Data block:
*** Begin section ***

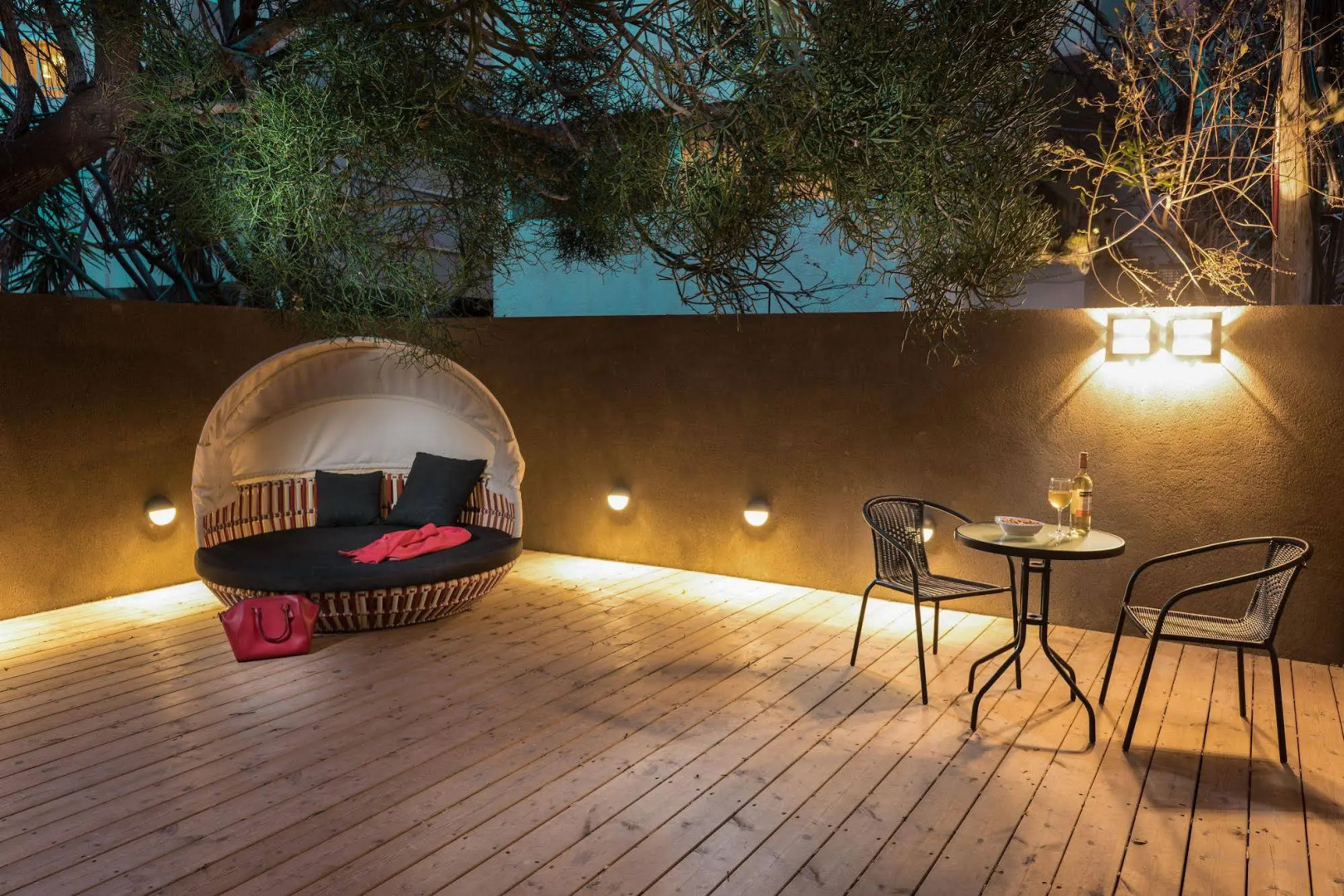 Photo - Seaside Hotel by Zvieli Hotels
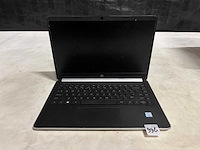 Hp - laptop - afbeelding 1 van  3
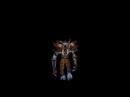 Thunderheart Tier 6 - Troll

*** End section ***

Exercise details: Only the lines from the one containing "Hp - laptop" through the end of the data above are to be output, exactly and without pictures.

Answer to the problem:
 Hp - laptop - afbeelding 1 van  3
 Thunderheart Tier 6 - Troll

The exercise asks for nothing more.